As has already been shown, different methods ranging from HiL to SiL to real driving are used for the test execution. At present, real driving is the most important method for the approval; the reason for this, in particular, is the validity combined with the justifiable economic overhead. However, along with the economic overhead, autonomous driving also presents a systematic challenge for the known methods. At present, real driving stands for driving in public road traffic with test drivers. The task of the test driver is to drive or supervise the vehicle in every situation in accordance with the task of the vehicle user. Transferred to autonomous driving, the use of a test driver in the driver’s seat would be non-real behavior of a user, as the user does not have to supervise the vehicle and the environment anymore and intervene. Additionally, the vehicle could also participate in the road traffic without passengers (depending on the use case), and therefore a test driver would represent a non-real component in the vehicle. As a result, there is a risk that the use of a test driver could influence the other road users and alter their behavior. Further reflections on this topic can be found in the Chap. 7.

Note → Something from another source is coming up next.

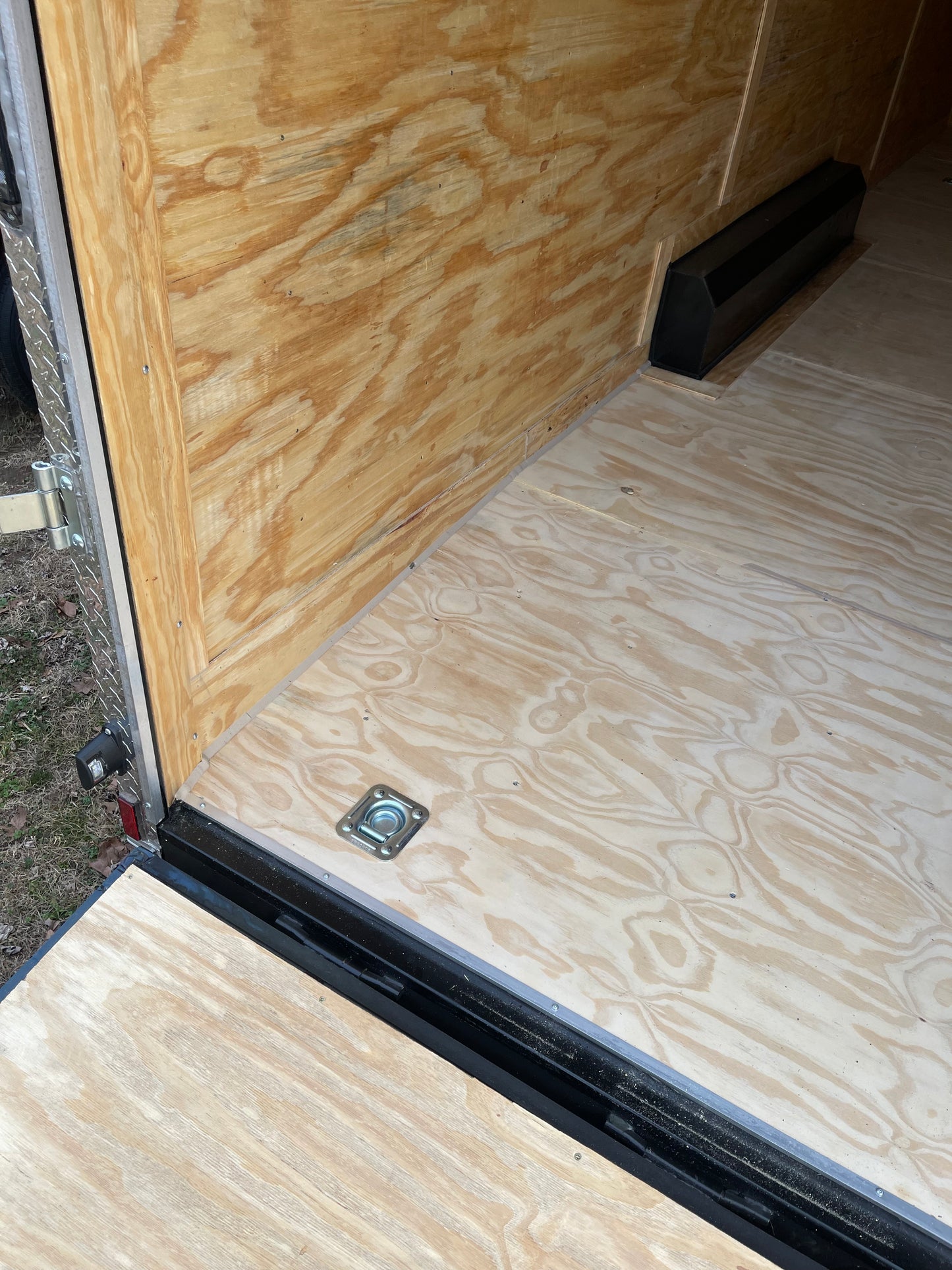 2026 - 8.5' X 24' Enclosed Trailer C263411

Therefore, along with the test case generation, the current test execution is not directly transferable to autonomous driving.

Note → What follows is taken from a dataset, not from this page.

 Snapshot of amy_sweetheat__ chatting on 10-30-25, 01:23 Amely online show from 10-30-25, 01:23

5.2 Millions of Kilometers on Public Roads Until the Production Release of Fully-Automated Vehicles

The following theoretical consideration will show what it means to retain the current test concept despite the differences shown. Let us assume that a reduction in the test cases is not possible for autonomous driving, because no method exists, as with the driver’s license test for humans. The objective is still to draw a conclusion as to whether the risk is increased or not by the use of the autonomous vehicle:

$$ V_{\text{acc}} = \frac{{R_{\text{add}} }}{{R_{\text{avo}} }} < 1 $$

Here we should note once again that this condition is in no way imperative. However, for the theoretical consideration, a condition of less than 1 is assumed to be the worst case scenario.

The only metric that the authors are aware of that can be used to determine such a relationship are the figures from the subsequent evaluation of traffic accidents. For Germany, these are the figures from the Federal Statistical Office. For example, for 2012 the Federal Statistical Office [21] cites 3375 fatal accidents recorded by the police in Germany. The figure for fatalities is used because this represents the worst case scenario for the verification required. With a total of 709 billion km driven in Germany, this figure represents an average of 210 million km between two fatal accidents. As these figures only represent an expected value, shorter or longer distances also exist between two accidents. To represent this distribution of the accident events, we use the Poisson distribution:

$$ P_{\lambda } (k) = \frac{{\lambda^{k} }}{k!}e^{ - \lambda } $$

Here it is assumed that the occurrence of an accident is an independent and non-exhaustive random process \( P_{\lambda } (k) \). In the equation, \( k \) corresponds to the number of accident events and \( \lambda \) to the expected value with which this event occurs. The expected value \( \lambda \) is defined by the quotient

$$ \lambda = \frac{{s_{\text{test}} }}{{s_{\text{perf}} }}, $$

whereby \( s_{\text{test}} \) stands for the observed test kilometers and \( s_{\text{leist}} \) for the performance of the system. The performance stands for the expected number of kilometers between the accidents. The probability distributions for \( k = [1\,2\,3\,4\,5] \) and \( \lambda = [1\,2] \) are shown in Fig. 21.7 as an example.

Fig. 21.7
figure 7

Poisson probability distribution for the number of accidents with different expected values. Image rights: Author has copyright

The figure clearly illustrates the problem of providing verification of a certain level of risk: Let us assume that the blue distribution stands for an autonomous vehicle and the red distribution for a driver-only vehicle. Both vehicles are driven the same number of test kilometers \( s_{\text{test}} = a_{s} \cdot \bar{s} \), with the distance factor \( a_{s} = 2 \) and the average interval \( \bar{s} \) between two fatal accidents. The performance \( s_{\text{perf}} = a_{\text{perf}} \cdot \bar{s} \) of the autonomous vehicle is greater than that of the driver-only vehicle by the performance factor \( a_{\text{perf}} = 2 \). Consequently, for the autonomous vehicle \( \lambda = 1 \), and for the driver-only vehicle \( \lambda = 2 \).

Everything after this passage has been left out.